The divorce letter prevented a man from dismissing his wife lightly and arbitrarily. In a proper court hearing, the case was discussed and the reasons scrutinised. Jesus teaches us a divorce policy that is more restrictive than the liberal position of Rabbi Hillel, which was influential in Judaism at the time. All the more he challenges us to invest a lot in marriage and to fight for it. One couple, on their Iron Wedding Anniversary, when asked how they had made it so long together, replied: «We were born into a time when people fixed broken things instead of throwing them away.«Again and again I hear from married couples who have gone through serious crises, but have found their way back with external help. This should not happen only when the dice for ending the marriage have already been cast deep in the heart. As seetal chile we want to offer help through courses and personal accompaniment. And – very important: We want to support you in getting to know Jesus better. Only He can teach you to love.
However, the divorce letter also served to protect the divorced woman, that she was not considered fair game. God is always on the side of the weak and neglected, therefore the husband was obliged to continue to support the wife even after the divorce. It is a very great concern of mine that especially people in or after divorce also experience dignity and appreciation in the seetal chile. Dear divorced people: You are not failed people just because your marriage failed. Even if marriages and families cannot simply be restored, you can experience forgiveness and healing.

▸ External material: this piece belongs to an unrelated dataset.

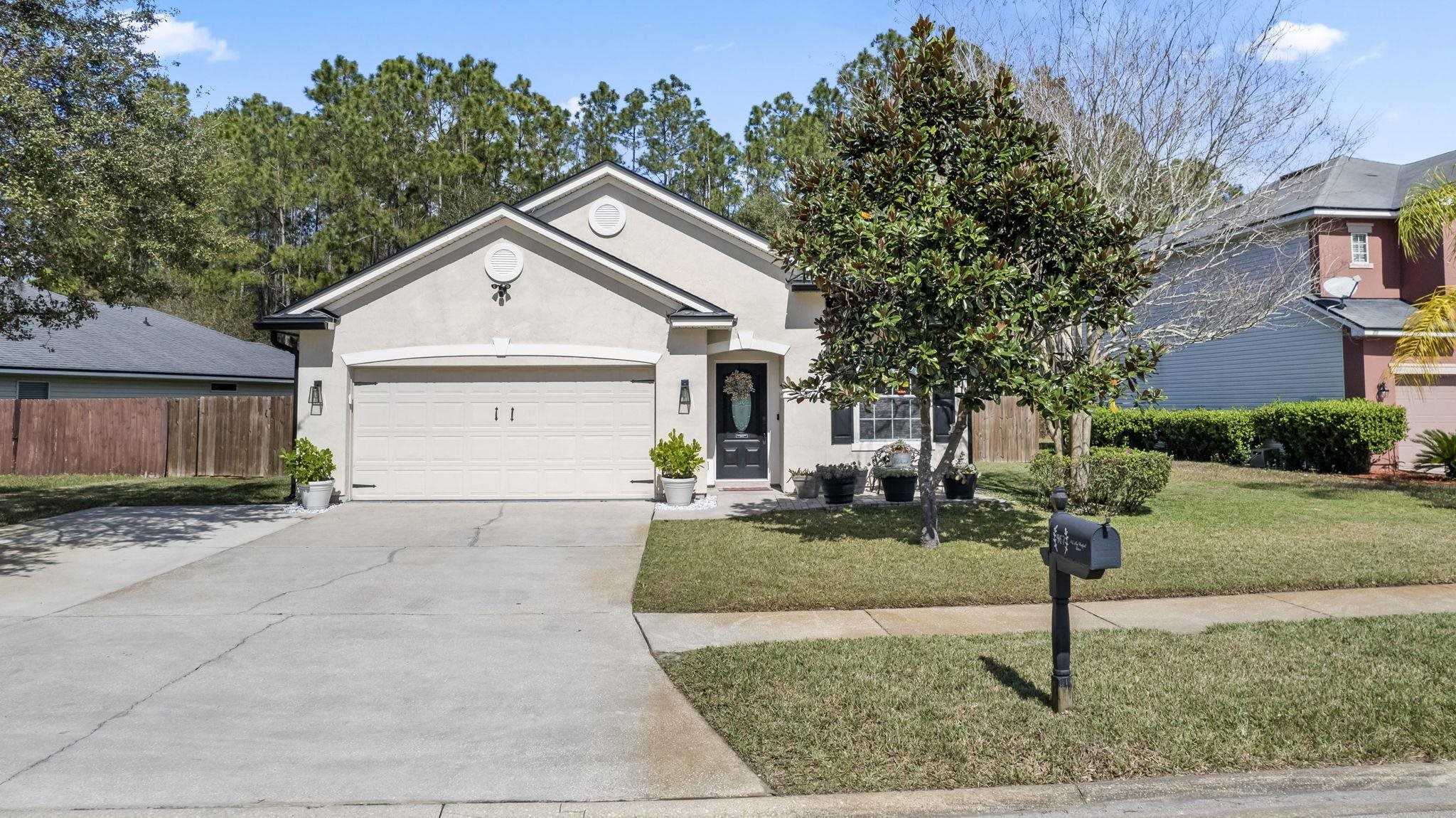 467 W New England Dr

Forgiveness always includes the possibility of a new beginning.
An interesting observation is found in Jeremiah 3:8. Although God wants a lifelong marriage relationship, he issues Israel a certificate of divorce for adultery and sends them away. Jesus also assumes that divorce exists, otherwise he would not talk about it. It is always to be understood as an emergency order and not as God’s original intention.
What about remarriage then? «But I say unto you, that whosoever shall put away his wife, except for fornication, and marry another, committeth adultery; and whosoever marrieth a woman put away committeth adultery.»(Matthew 19:9 ELB). This passage says that whoever divorces without justification is actually still married to the former partner. In such a case, remarriage is adultery, but not because the marriage would be indissoluble, but because one is actually still married. God’s grace and forgiveness is above broken relationships. There is forgiveness even for people whose marriage has failed. Losing a relationship is painful. But even worse: losing yourself because of a relationship.
«Marriage: an absurd invention that can only exist through the infinite grace of God»(Gabriel Garcia Marquez). Why does Jesus tighten the screw on divorce and remarriage compared to Moses? Because he helps us. He is the faithful one. Through his help and grace, his faithfulness can become our virtue. All evil, including fornication and adultery, comes from the heart. David prayed: «God, create in me a pure heart and give me a new, sincere spirit»(Psalm 51:12 NLB). Through metamorphosis, the hard heart is changed into a new heart. This opens up completely new possibilities and a new responsibility. Let Jesus change you and dance to his music!
Possible questions for the small groups
Read Bible text: Matthew 5:31–32; 19:3–10
- Why does marriage have such a high value in God’s eyes and is indissoluble?
- What does this mean for God’s love for us humans?
- What grounds legitimise divorce?
- What is the problem of remarriage?
- How could we strengthen marriages in the context of seetal chile?